Mom gave up frying chicken a few years ago, on a healthy cooking bend which means the sacred cast iron skillet rarely gets a greasy workout these days. Mom and Dad's waistlines are certainly trimmer now, but honestly, folks, don't you at least miss the crunch of chicken skin and the squirt of juice from that first bite of a just-fried-and-dried thigh (my poultry limb of choice)?
I guess I'd managed to forget about fried chicken for a few years, occasionally ordering it at meat-and-threes and finding satisfaction there. Until a few weeks ago, after church, knowing our fridge and pantry were nearly empty and not feeling up to the after-church restaurant crowds, we went to one of those fast-food chicken places and got a bucket to go. The price was certainly right. For under $15 we got one whole chicken (should we decide to reassemble it) and three sides (cat's-head biscuits, slaw and reconstituted mashed potatoes with regurgitated gravy) and a gallon of the sweetest iced tea known to man. The kids loved it. My dear husband loved it. I actually enjoyed the guilty pleasure of eating something that was fried in someone else's kitchen. But I discovered the practical reason for the generous iced tea portion: the chicken crust was salty enough for hunters to employ to attract deer. And I thought to myself, why have I been such a snob, lo these many years? Why not just give in and sacrifice your kitchen for just once, silly girl, and show your children what a fried chicken is supposed to taste like.

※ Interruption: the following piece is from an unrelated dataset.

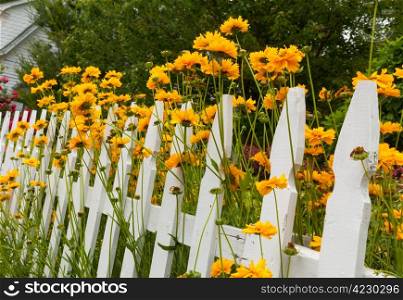 Yellow and red flowers growing along a white picket fence in traditional garden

And so I did. I consulted many regional books on my shelves. Edna Lewis, Scott Peacock, Damon Lee Fowler, James Villas, John T. Edge, Fanny Flagg. And, of course, my tried and true, America's Test Kitchen Family Cookbook, which I relied on quite heavily for details. My message board friends delivered a primer, "Carolina's Fried Chicken," written by a doubtless apron-wrapped mama who spent many years perfecting her chicken technique.
Here's what I did:
1. Procured a whole chicken and butchered the thing into 10 pieces. I'm not ready for Top Chef by any means. It took me at least 10 minutes to break down the bird, but I saved $2 by going with the whole chicken versus the parts at the store. I cut each breast into two pieces, which yielded 10 pieces.
2. Soaked the chicken pieces in buttermilk for two hours. ATK recommends a buttermilk brine, and I think I will do that next time, just to bump up the flavor a bit.
3. Mixed all-purpose flour with salt, fresh cracked black pepper and a pinch of cayenne. I went light on the pepper because of my daughter who has a histomy fit when she sees even a speck of black pepper on her food. And I wasn't sure how much the frying would disguise the pepper flecks. I shook the buttermilk ever so gently from each piece of chicken before dipping it in the flour and setting it aside to dry while the oil heated.
4. Got out my All-Clad stainless Dutch oven and poured in an inch or so of canola oil and set the heat to a medium flame. I don't own a deep fry thermometer and I never worked in fast food, so I had to rely on my limited frying skills to determine when the oil was ready. After about five minutes, I dropped in a piece of batter and when it bubbled up rather than sinking, I knew it was time for the chicken parts.
5. It took at least 15 minutes, covered, for the first pieces to cook to a deep mahogany. While the first batch rested in a warm oven on a grid-lined sheet pan. The best part so far: my house smelled like fried chicken. Any stranger coming to my door would know that a real cook lived here.
That's pretty much it. We ate like stevedores and still have leftovers for a few days. The clean-up was kind of yucky, but I was careful to pour the expired oil into disposable cups and used cans and throw it away. It's been two days now and, I must say, through the extensive use of air cleaners and detergents, my house smells fresh. And I can't wait to fry my next chicken.